KATHMANDU, MAR 4, 2012

Reserved The realty is expecting some boom with significant growth in interest of the buyers and investment in the sector. With Nepal Rastra Bank easing up and some relief provided by the budget earlier this year, transactions have soared in the recent months. In addition to this, Department of Land Reform and Management is hopeful about achieving its goals regarding revenue collection in the current financial year, restoring the sector to its previous glory.

“However, it is too early to assume the realty will redeem itself from ongoing recession,” says Kamal Prasad Timalsina, undersecretary of Department of Land Reform and Management. According to him, the winter season is the peak season for the transactions related to land, raising the revenue collection.

As Nepali months of Poush and Magh are off-season for usual agricultural activity, they are most preferred time for purchasing and selling of the lands and real estate. Hence, Timalsina considers it to be too early to determine that the rises are due to the actual recovery of the realty. “Nevertheless, we not just met but exceeded our target of Rs 405.58 millions by collecting Rs 416.56 millions, making the total collection surpass the estimation by additional two per cent,” he shares.

The Department of Land Reform and Management has already achieved 73.81 per cent of its target set forward in revenue collection for this financial year. He adds, “Our target is that of Rs 4.40 billion and if the current trend continues, we are almost sure to meet the remaining 26 per cent easily by the end of this fiscal year.”

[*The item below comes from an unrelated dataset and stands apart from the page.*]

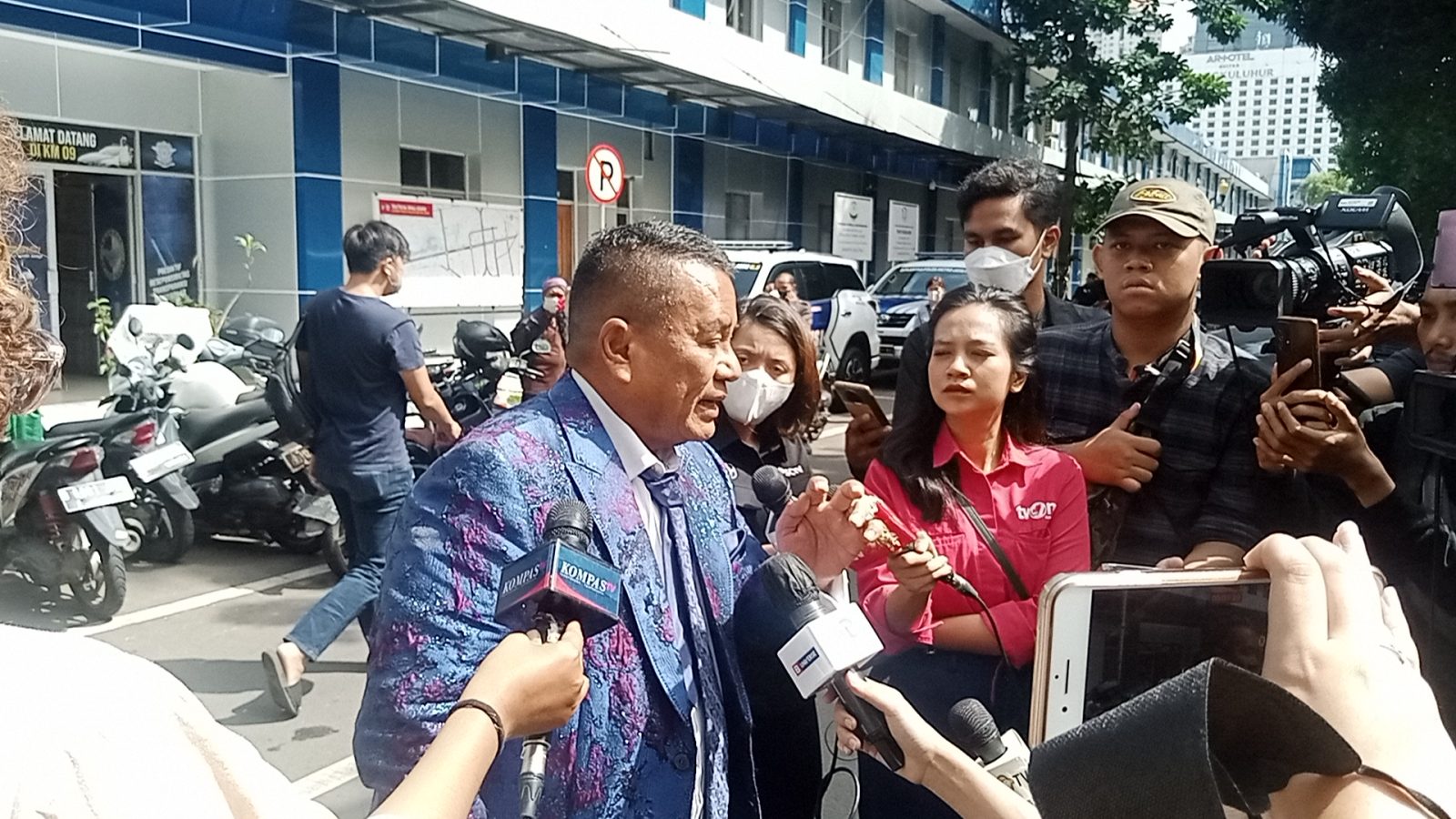 Hotman Paris Kunjungi Polda Metro Jaya, Irjen Teddy Minahasa Dan AKBP Dody Batal Dikonfrontir Hari ini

Last year’s collection on land revenues compared to the same time this year was just Rs 273.31 million, which is less by Rs 140 million. Moreover, the changes in the policies regarding disclosure of income source for transaction above Rs 10 million from previous Rs 5 million ceiling and facility for investors and Non Resident Nepalis, recovery of A-grade banks from their investments in the real estate, et cetera can be seen as the contributing factor for revival of the sector in recent months.

Dilip Neupane, vice president of the Realtors, says, “The transactions have indeed risen in last two months, but the reforms regarding house loan interest still needs to be brought forward as the investments done so far are on the small plots rather than bigger one. In addition to this, if someone had bought a piece of land at the rate of Rs 1.50 million per aana through bank loan, his cost has now been added by the bank interest and gone up to around Rs 1.80 million. Thus, this has resulted in the holding of the land by many such property owners, restricting the smooth flow of transactions.”

According to him, until the bank loan eases from its current 13 to 14 per cent and relieves such investors, the authentic appraisal of the sector is still unrealistic.

“People do not have confidence while investing in the realty as they are worried that their cash will be frozen once invested in these immobile assets. Thus, to continue this ongoing acceleration, it is very essential to revise these flaws.”

While the experts admit to the current acceleration in the realty sector, they are still sceptic about the longevity of the gained momentum. Nevertheless, if the trend continues, the realty — especially the land — could be a safe landing for the sector.